Notas sobre el difícil camino de la redención en Venezuela
25.03.2026.-

Artículo 15. La sociedad tiene derecho a pedir cuentas de su gestión a cualquier agente público.
Declaración de los derechos del hombre y del ciudadano. París, 1789.

Artículo 16. Una sociedad en la que no esté establecida la garantía de los derechos, ni determinada la separación de los poderes, carece de Constitución.
Declaración de los derechos del hombre y del ciudadano. París, 1789.

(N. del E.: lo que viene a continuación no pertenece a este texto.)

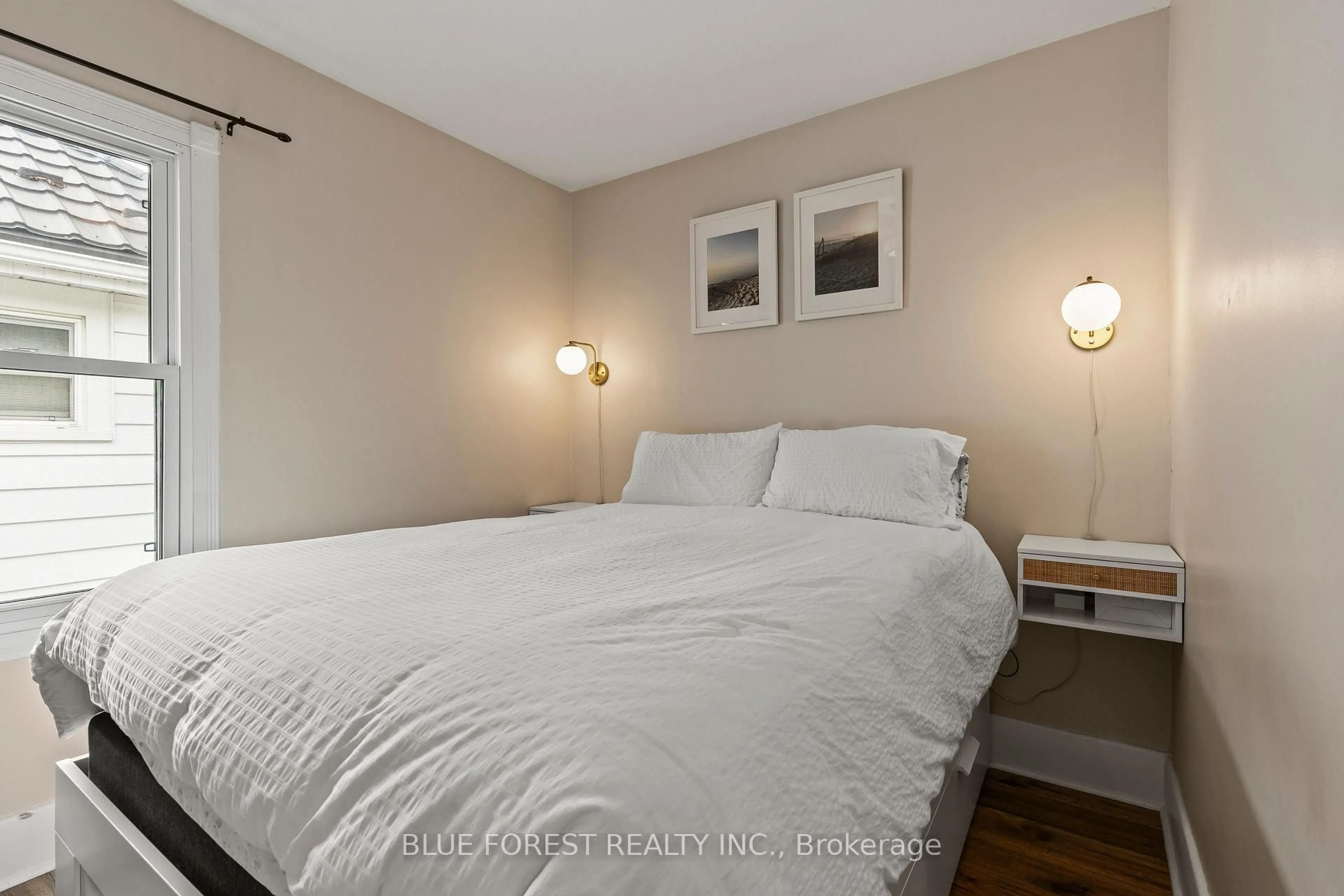 Bedroom with bed, wood/laminate floor for 31 Eastman Ave, London East Ontario N5W 2M3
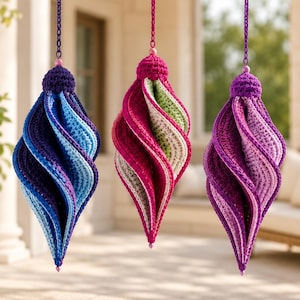 May include: Three hanging crochet ornaments with a spiral, teardrop shape. The left ornament features shades of blue and purple. The center ornament displays pink, green, and white. The right ornament shows shades of purple and light pink.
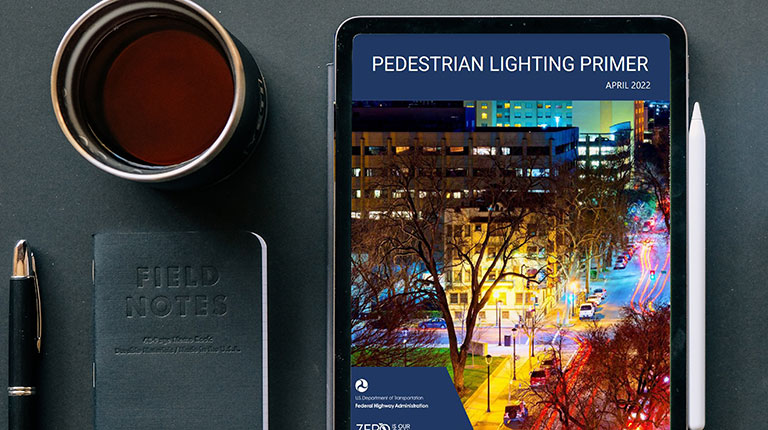A tablet on a table displaying the Pedestrian Lighting Primer report cover. 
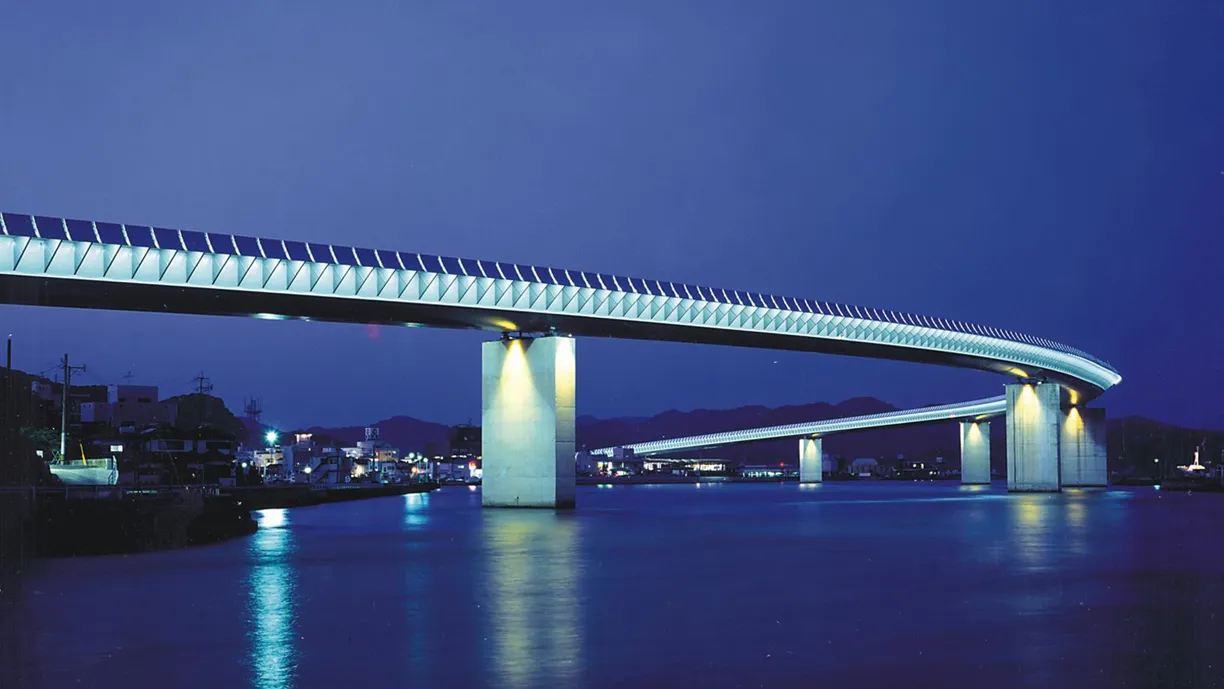 a person riding a scooter under a bridge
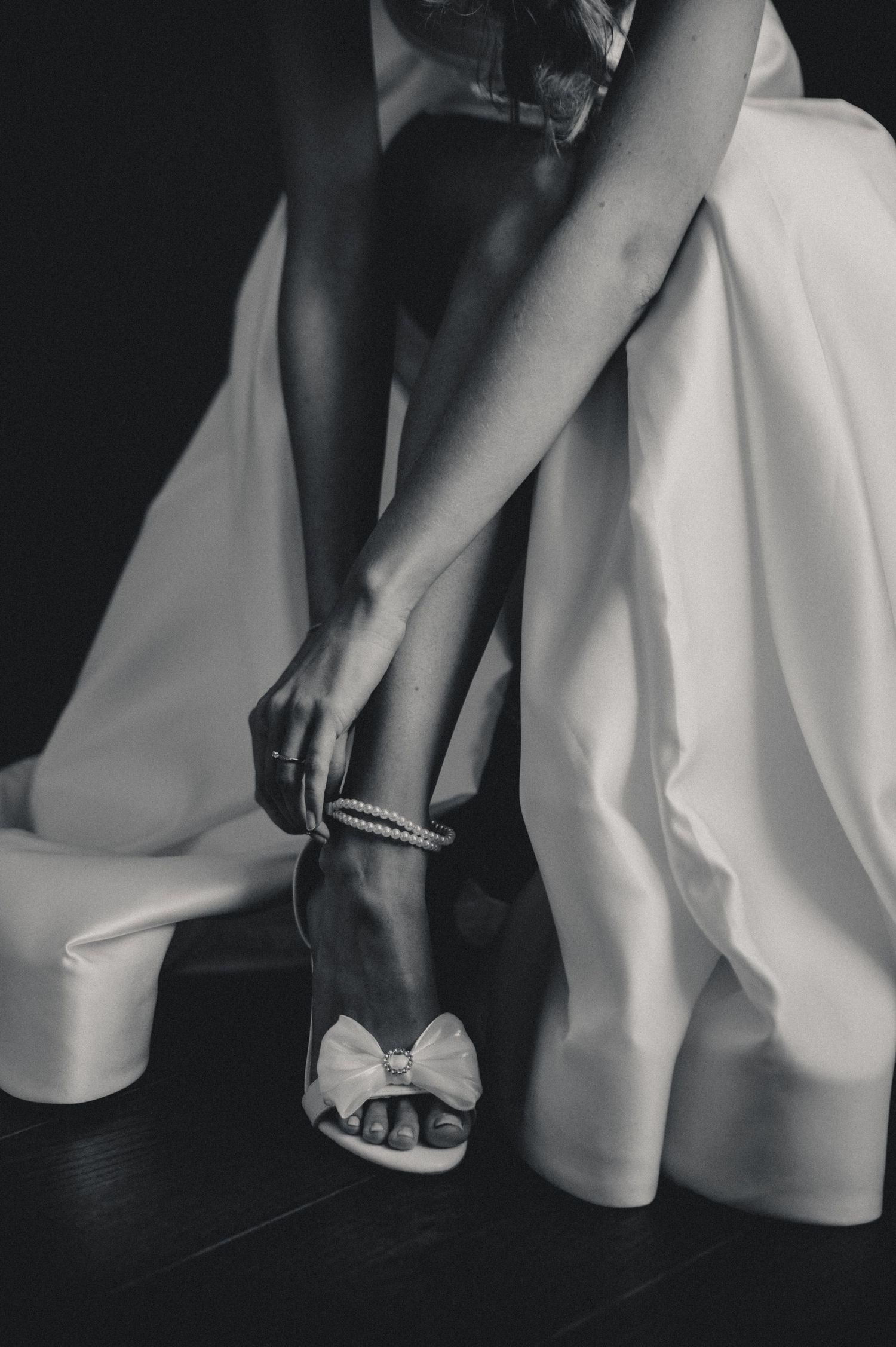 Black and white photo of bride fastening elegant bow wedding shoes.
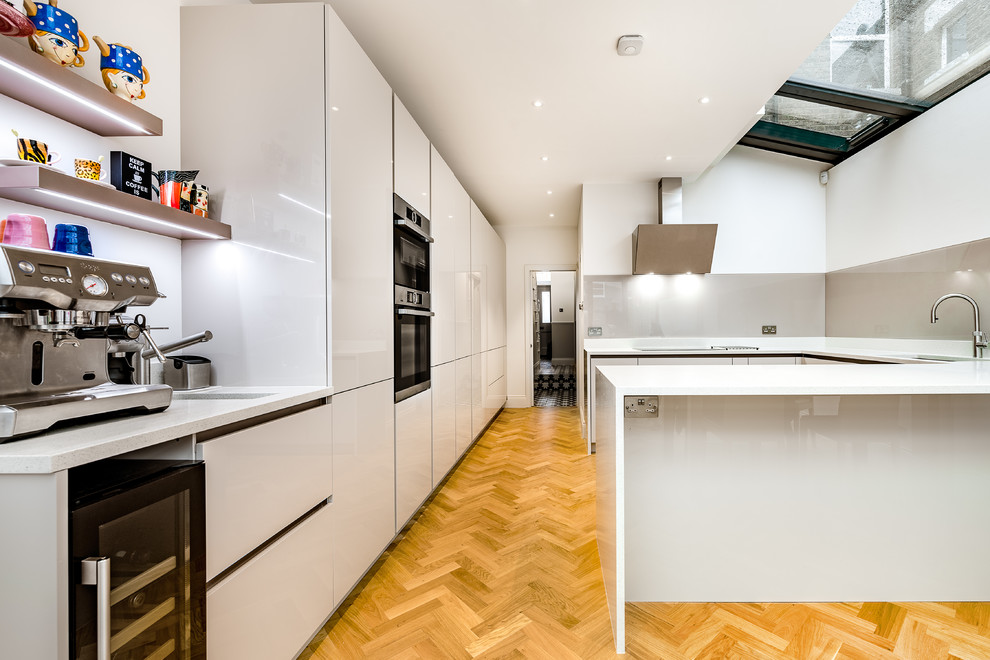 Design ideas for a large galley kitchen in London with a double-bowl sink, quartz worktops, glass sheet splashback, stainless steel appliances, light hardwood flooring, a breakfast bar, yellow floors and white worktops.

“Una auténtica democracia es posible solamente en un Estado de derecho y sobre la base de una recta concepción de la persona humana. Hoy se tiende a afirmar que el agnosticismo y el relativismo escéptico son la filosofía y la actitud fundamental correspondientes a las formas políticas democráticas, y que quienes están convencidos de conocer la verdad y se adhieren a ella con firmeza, no son fiables desde el punto de vista democrático, al no aceptar que la verdad sea determinada por la mayoría o que sea variable según los diversos equilibrios políticos. Una democracia sin valores se convierte con facilidad en un totalitarismo visible o encubierto, como demuestra la historia”.
Juan Pablo II (Centesimus annus, 46)

Venezuela deambula entre la perplejidad, la desfiguración y el espejismo. Se ha transformado en un Estado desrepublicanizado, desconstitucionalizado, desinstitucionalizado, desconvencionalizado y sujeto a tutela política y militar, desde una extraña suerte de protectorado ejercido por los Estados Unidos de América.

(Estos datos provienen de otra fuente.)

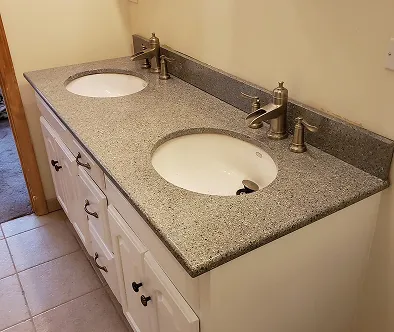 Double vanity with white cabinets and granite countertop with two sinks and faucets.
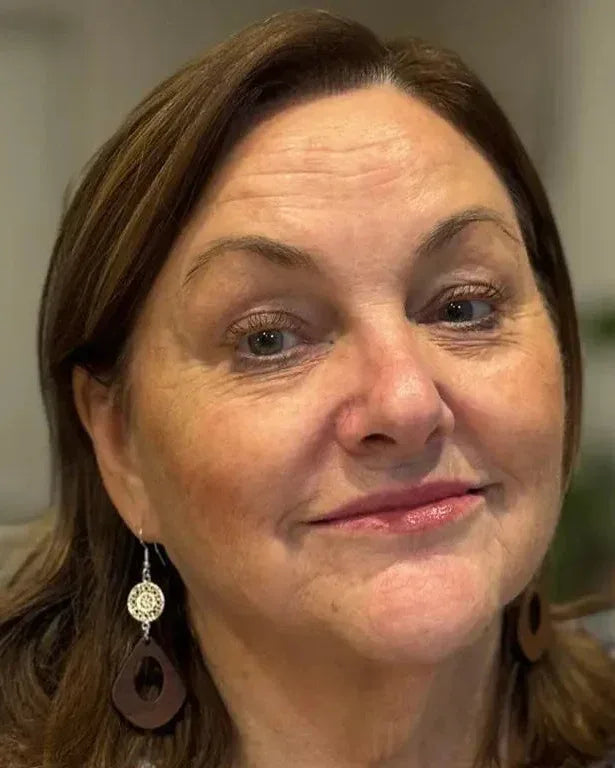 Woman wearing timber drop earrings with silver detail close up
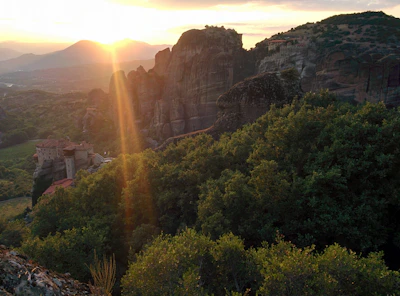 Golden sunlight spilling over jagged mountain ridges at dawn in Saint Catherine.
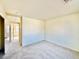 Bedroom area with carpet, light walls, and an entry doorway at 1838 Fighting Falcon Ln, North Las Vegas, NV 89031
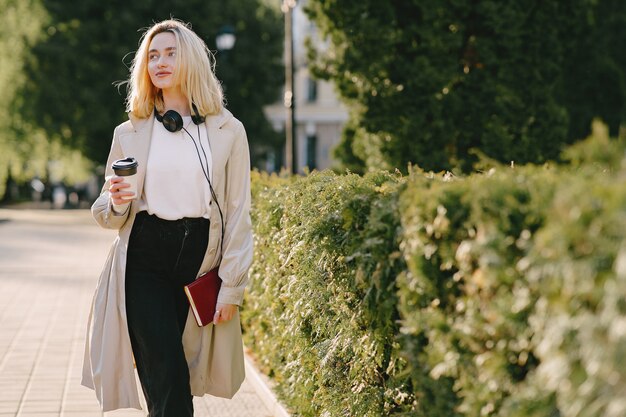 Rubia camina en la ciudad de verano con una taza de café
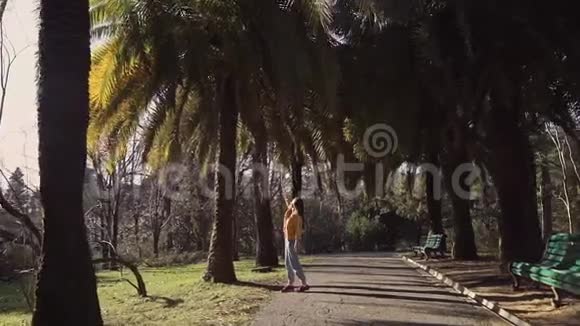 在一个阳光明媚的日子里可爱的女孩仔细检查了公园小巷上的棕榈树视频的预览图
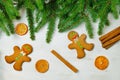 Gingerbread mans and Christmas tree branches on wooden background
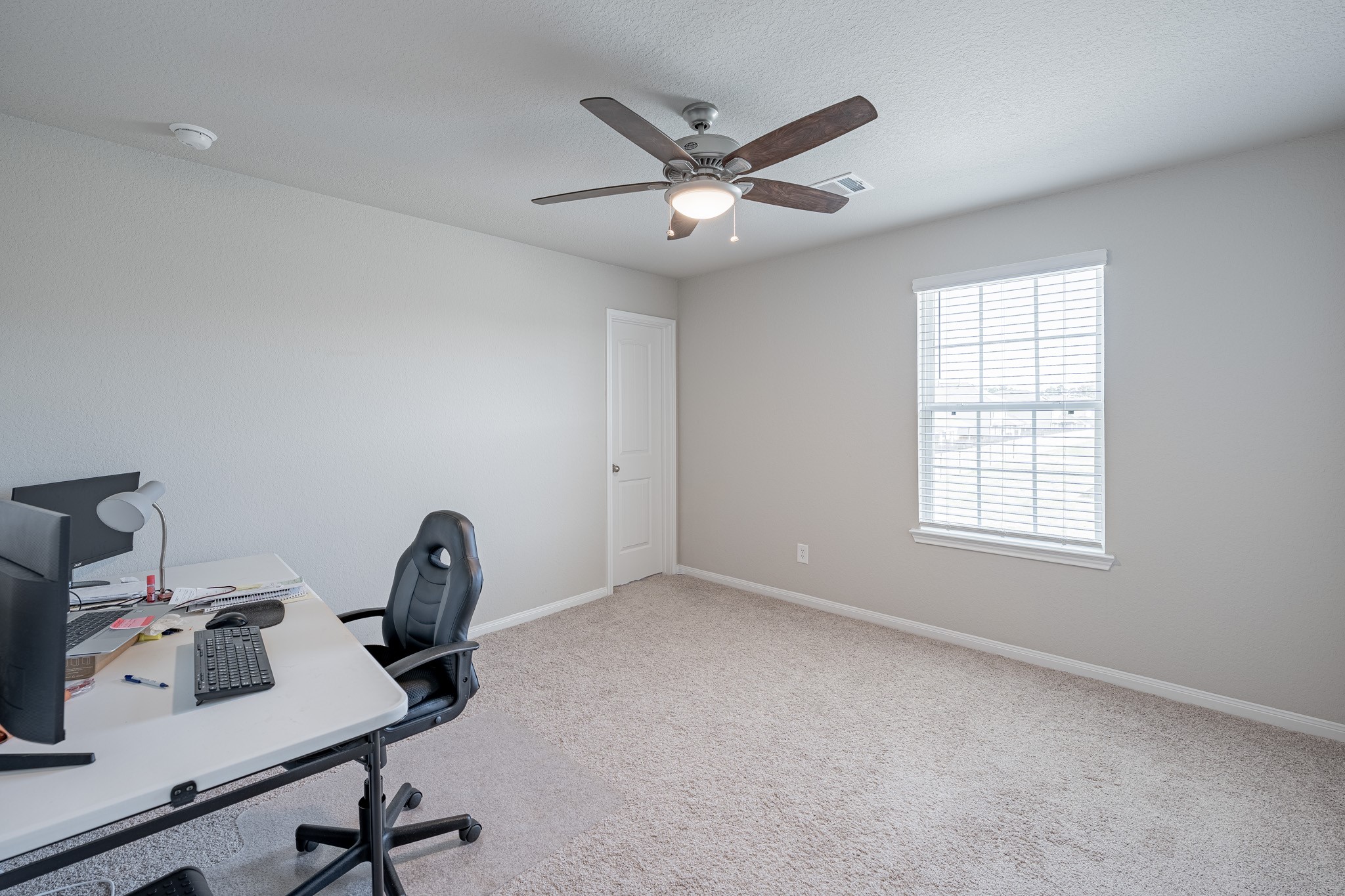 4923 Blue Jacaranda Way Spring Spring, TX 77373 - Photo 20 of 25 a view of a workspace with furniture and a window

Sin embargo, su población opone una expectativa mayoritaria que cree que la situación mejorará, más allá de una crisis compleja que ha conducido al país hacia la pobreza, el atraso, la disfunción general de las prestaciones públicas, el daño antropológico y la pérdida de autonomía y soberanía.

Paralelamente, la incertidumbre racional persiste y la emoción se mantiene, como un renovado ánimo que se funda en la esperanza, acorde con nuestro misticismo. La gente cree que llegará otro escenario más temprano que tarde y apuesta a que el país entrará pronto en un período de transformación y progreso.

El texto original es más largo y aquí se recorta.